失意のレブロンが引き金に。超大型移籍で来季のNBAは激変するか? (3ページ目)

  • 杉浦大介●文 text by Sugiura Daisuke
  • photo by Getty Images

 ただ、今オフに相当巧みにチームを作り替えない限り、レイカーズはすぐに優勝を狙えるチームにはならないだろう。噂されるオクラホマシティ・サンダーのポール・ジョージとレブロンの同時移籍が実現しても、それだけでウォリアーズ、ロケッツに太刀打ちできるかどうかは不透明だ。レイカーズは、長くレブロンのライバル的存在と見なされてきたコービー・ブライアントのチームという印象も強く、自らのブランドにこだわるレブロンがこの名門フランチャイズを選ぶかどうかは微妙に思える。

 その他、古巣のマイアミ・ヒート、レブロンが尊敬するグレッグ・ポポビッチHCが率いるサンアントニオ・スパーズを候補に含めるメディアも存在する。そして、もちろんキャブズ残留の線も捨てきれない。今季のファイナル終了後、レブロンは移籍の可能性を否定しなかったが、故郷への愛着を感じさせる言葉も残している。

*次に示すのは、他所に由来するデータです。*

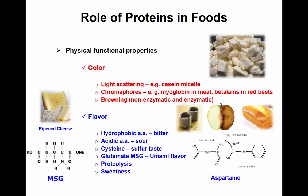Sweetness can also be attributed to proteins in some cases. In this case it's a dipeptide — just two amino acids linked together: aspartic acid and phenylalanine. When they're linked together, this dipeptide gives you aspartame, which is known commercially as NutraSweet, and it has a very sweet flavor.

「(来季にどうするかは)現時点ではまったくわからない。僕が常に考えているのは家族のことだ。特に子供たちの年齢もしっかりと考慮しなければならない。4年前に決断を下したときには彼らはまだ小さかった。今はティーンエイジャーがひとり、ティーンエイジャーになろうとしている子がひとり。そして、前回は生まれていなかった娘がいる。落ち着いてすべてのことを考慮するが、家族が最優先であることに変わりはない。だから、今この場で伝えられる答えはないよ」

 さらなる栄冠を目指して76ers、ロケッツに行くか。大都会でのビジネスチャンスも考慮した上でレイカーズを選ぶか。愛する家族も快適に感じるであろう故郷チームのキャブズと再契約を結ぶか。ここでの答えから、バスケットボール選手として、人間として、レブロンの現時点でのプライオリティが見えてくるのかもしれない。

 さまざまな選択肢が考えられるだけに、結末は読みづらい。現時点ではっきりしているのは、FA選手との交渉が解禁される7月1日から、とてつもない喧騒がスタートするということ。"レブロンの夏"の行方はリーグの勢力図を変えかねないだけに、その獲得を狙うチームの一挙一動からは目が離せない。